# Can someone explain to me why I lost 100 points?



## baseballfan17 (26 Aug 2013)

Under the forums 'How many applicants did RMC get this year?'

I put:"I heard from a recruiter that RMC received 3000 applicants and only 500 got accepted or it was 1500 applicants and only 300 got accepted. It was a while ago when I spoke to that recruiter, but personally I think 500/3000 is more logical."

Someone said I was spamming and I got reported. I don't want to put the username of the person in case that violates a privacy issue. 

Can I get those points back?


----------



## PMedMoe (26 Aug 2013)

We can see the username of the person who did that.

And, no, I don't think so.  They don't mean anything anyway.....


----------



## MikeL (26 Aug 2013)

Everyone can see you point history and who docked you the points and why.  This isn't a big deal, not like you use your points to win a really cool award or cash.  If you don't want to lose points, be careful of what you post and make sure it is factual and relevant.


----------



## cupper (26 Aug 2013)

I don't know, I think both persons made it clear as to why they though you should receive deductions.


----------



## Journeyman (26 Aug 2013)

I'll take a guess at it.....

Someone asked a question regarding recruiting numbers.  You responded with 





> I heard......3000 applicants and only 500 got accepted..... or it was 1500 applicants and only 300 got accepted. It was a while ago...... personally I think 500/3000 is more logical.

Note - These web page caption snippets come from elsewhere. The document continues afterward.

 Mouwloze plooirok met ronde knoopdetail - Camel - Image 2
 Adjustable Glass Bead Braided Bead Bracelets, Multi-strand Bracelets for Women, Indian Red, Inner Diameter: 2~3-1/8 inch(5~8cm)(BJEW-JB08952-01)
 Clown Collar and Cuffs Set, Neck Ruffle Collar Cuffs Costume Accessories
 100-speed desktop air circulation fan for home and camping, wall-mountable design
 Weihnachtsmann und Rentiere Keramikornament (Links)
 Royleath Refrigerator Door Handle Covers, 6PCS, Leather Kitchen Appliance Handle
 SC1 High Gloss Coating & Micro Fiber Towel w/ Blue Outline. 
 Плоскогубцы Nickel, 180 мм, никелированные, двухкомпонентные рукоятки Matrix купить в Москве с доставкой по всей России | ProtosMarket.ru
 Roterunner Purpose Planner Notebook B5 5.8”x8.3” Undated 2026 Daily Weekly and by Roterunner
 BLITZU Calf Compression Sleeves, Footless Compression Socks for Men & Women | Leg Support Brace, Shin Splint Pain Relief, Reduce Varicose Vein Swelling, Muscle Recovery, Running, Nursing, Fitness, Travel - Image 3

*There is no need to make any post when it's obvious you don't know what you're talking about.*

That's just my guess though.


And then someone subsequently took more MilPoints because you didn't even pretend to put effort into searching for your answer before posting "  :crybaby: "


And then.....TheHead came along to give you points because he follows me lustfully through the site to post the opposite of _anything_ I post.  (I think his feelings were hurt by being set to <ignore> ... but again, that's just a guess)


----------



## UnwiseCritic (26 Aug 2013)

I get minus points all the time. I say what I say, do what I do because I'm young dumb and full of... Sh** My advice don't walk the line and take the minus points. Really who cares, unless you need to play to your ego.

I wonder how many minus points I'll get for this lol.


----------



## Journeyman (26 Aug 2013)

UnwiseCritic said:
			
		

> I get minus points all the time.


A quick skim of your MilPoints shows you haven't lost any since March. Maybe it's just 'the voices' telling you people are out to get you?    :dunno:


----------



## UnwiseCritic (26 Aug 2013)

Lol maybe, wait I see someone coming now!

Or maybe accidentally I smartened up.


----------



## Michael OLeary (26 Aug 2013)

baseballfan17 said:
			
		

> Can I get those points back?



The points around here are like the ones on "Whose Line is is It Anyway" they just don't matter. But they can provide amusement when someone starts worrying about them. Most people will only look at your points when you call attention to them.


----------



## JesseWZ (26 Aug 2013)

Michael O'Leary said:
			
		

> The points around here are like the ones on "Whose Line is is It Anyway" they just don't matter. But they can provide amusement when someone starts worrying about them. Most people will only look at your points when you call attention to them.



My points, all for nought.

The cake is a lie.


----------